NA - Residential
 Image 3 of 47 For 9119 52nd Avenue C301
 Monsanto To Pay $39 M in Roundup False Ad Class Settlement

### Exercise
For this task, set down the entire listing word for word.

### Response to this exercise
NA - Residential
 Image 3 of 47 For 9119 52nd Avenue C301
 Monsanto To Pay $39 M in Roundup False Ad Class Settlement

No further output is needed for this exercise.